We will execute an exploratory analysis in three text databases: One with blogs entries, another from twitter feed and other from newspaper pages. Unfortunatly, because of processing restrictions, we are going to peform the analysis using samples from those databases. This report is a part of the Capstone Project course in the Data Science Specialization in Coursera.
After loading blogs database look at a summary of the number os characters in each line.
## Min. 1st Qu. Median Mean 3rd Qu. Max.
## 1.0 47.0 157.0 231.7 331.0 40835.0
The number of lines in this database is 899288, the numbers of words in this dataset is 37334131, and the average number of words per line is 41.5152109
A document-feature matrix of a sample with 20% of the size of the first database was created. Then, commom words like pronouns, punctuations and numbers were removed.
The number of unique words in this sample is:
## [1] 172471
The 20 most common words and its quantities are:
## one just like can time get now know people also new
## 25005 19909 19619 19466 17596 14081 11897 11876 11873 11123 10828
## even day first really make back see much us
## 10286 10160 10159 10019 9967 9940 9867 9685 9585
Now, a wordcloud with the 100 most common words:
After loading the twitter database, we will look at a summary of the number os characters in each line.
## Min. 1st Qu. Median Mean 3rd Qu. Max.
## 2.0 37.0 64.0 68.8 100.0 213.0
The number of lines in this database is 2360148, the numbers of words in this dataset is 30373543, and the average number of words per line is 12.8693383
A document-feature matrix of a sample with 20% of the size of the first database was created. Then, commom words like pronouns, punctuations and numbers were removed.
The number of unique words in this sample is:
## [1] 167273
The 20 most common words and its quantities are:
## just like get love good can day thanks rt now one
## 30149 24314 22397 21560 20087 17823 17809 17760 17556 16854 16314
## know u great time today go new lol see
## 15809 15329 15248 15064 14620 14586 13957 13942 13379
Now, a wordcloud with the 100 most common words:
After loading the news database, we will look at a summary of the number os characters in each line.

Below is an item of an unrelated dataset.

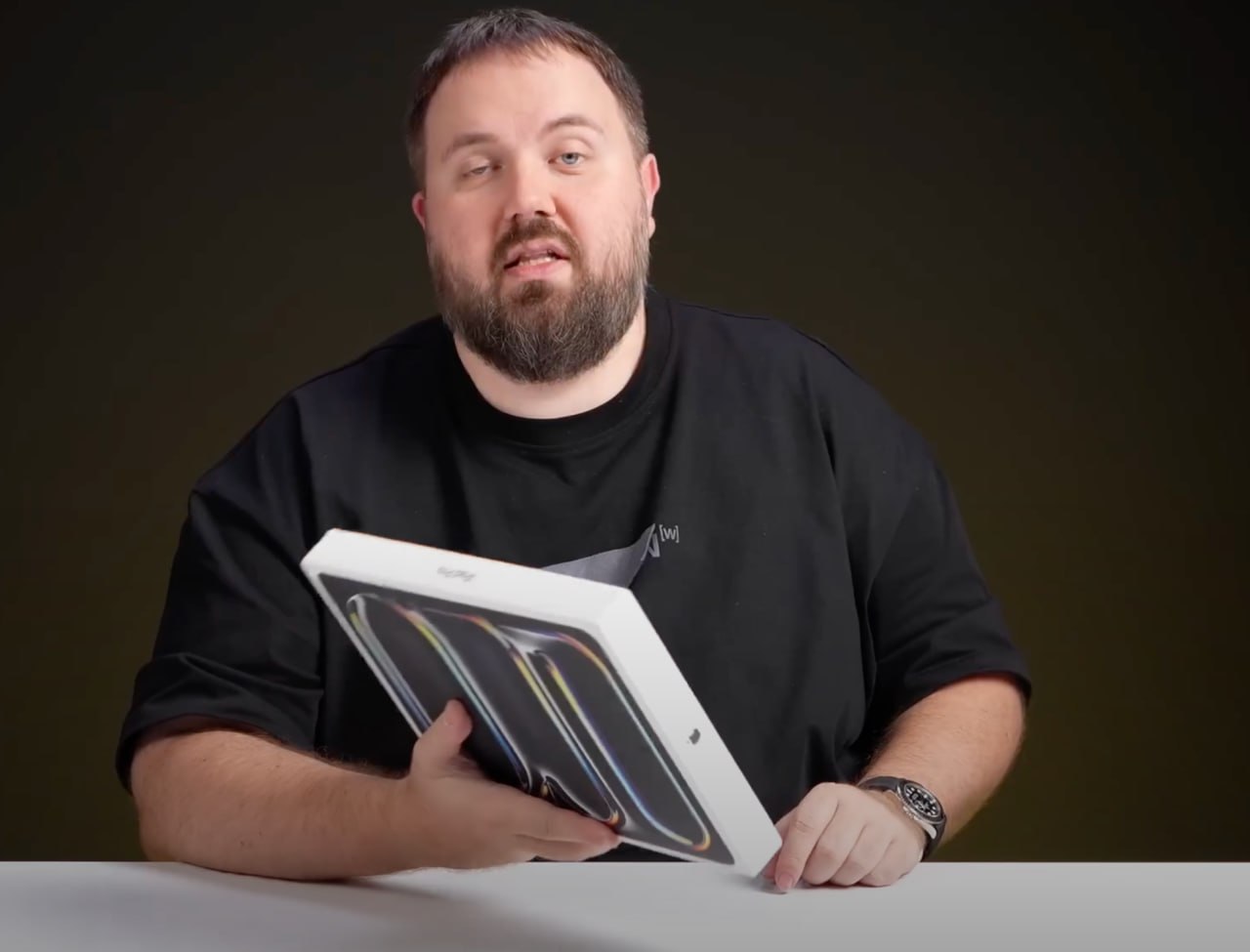 Ілюстрація до публікації «iPad Pro на чіпі M4, виготовлений для імпорту в Україну, якимось чином опинився в огляді російського блогера Валентина Пєтухова.»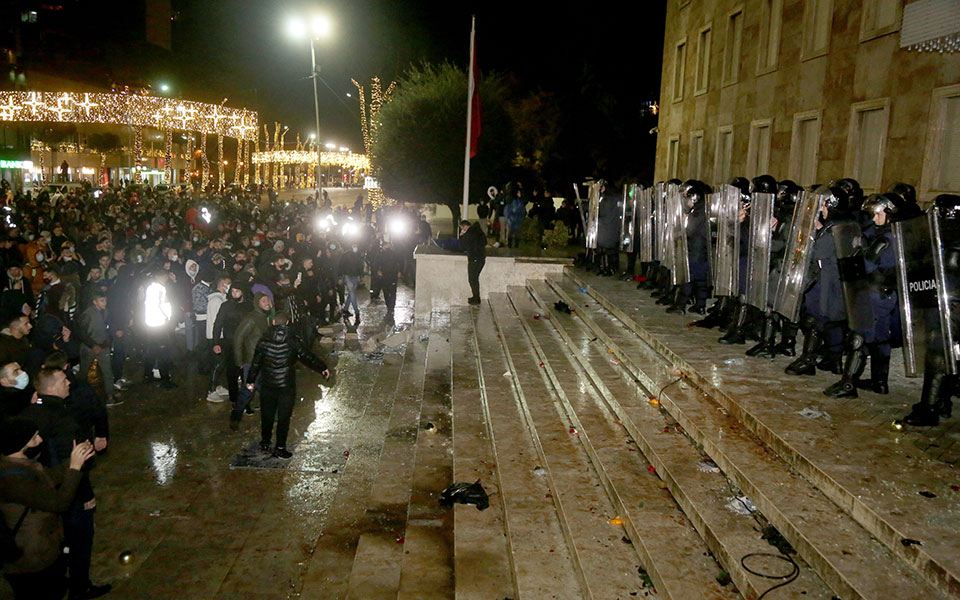 Αλβανία: Οργή και διαδηλώσεις για τον θάνατο 25χρονου από αστυνομικά πυρά-1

## Min. 1st Qu. Median Mean 3rd Qu. Max.
## 2 111 186 203 270 5760
The number of lines in this database is 77259, the numbers of words in this dataset is 2643969, and the average number of words per line is 34.2221489
A document-feature matrix of a sample with 20% of the size of the first database was created. Then, commom words like pronouns, punctuations and numbers were removed.
The number of unique words in this sample is:
## [1] 41448
The 20 most common words and its quantities are:
## said one new two also can year time just first
## 3861 1315 1072 912 912 886 871 858 848 835
## last state years people like get city now three percent
## 812 790 745 731 731 690 599 571 545 539
Now, a wordcloud with the 200 most common words:
After analysing the data, we are going to use samples of those datasets to create a smaller training set. We will clean smooth this data so we can fit a Katz’s back-off model to predict the next 3 words from a given sentence in a shiny app.